In June, the Dutch inflation rate dropped for the third month in a row to reach 1.4 percent, i.e. 0.2 percentage points down on May. Especially prices of food and clothes had a downward effect on inflation. Inflation is defined as the increase of the consumer price index (CPI) relative to the same month in the previous year.
Higher costs of housing, water and energy accounted for 0.9 percentage points of the inflation in June. Tobacco and alcoholic drinks contributed 0.3 percentage points, whereas transport prices had a downward effect on inflation of 0.5 percentage points.
The harmonised consumer price index (HICP) allows comparison between the inflation rates in the various member states of the European Union (EU).
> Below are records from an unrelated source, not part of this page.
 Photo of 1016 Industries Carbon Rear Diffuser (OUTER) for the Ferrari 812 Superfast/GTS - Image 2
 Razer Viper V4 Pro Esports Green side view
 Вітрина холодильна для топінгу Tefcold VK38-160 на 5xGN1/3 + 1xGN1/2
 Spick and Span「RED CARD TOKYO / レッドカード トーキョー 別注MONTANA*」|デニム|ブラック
According to the HICP, Dutch inflation in June was also 1.4 percent, but without the excise duty increase on car fuels, tobacco and beer, the inflation rate in the Netherlands would have been 1.0 percent.
According to Eurostat, the EU statistical office, the Eurozone experienced a deflation rate of 0.1 percent in June. This is the first time deflation has hit the Eurozone. Only one year ago, the EU inflation rate stood at 4 percent, the highest rate since the introduction of the euro.
In addition to the excise duty increase, energy prices also contributed to the gap between the Dutch and the Eurozone inflation rate. In most European countries, the effect of changes in oil prices is felt much sooner than the Netherlands. Food prices also contributed to the difference between the Dutch and the Eurozone inflation rate.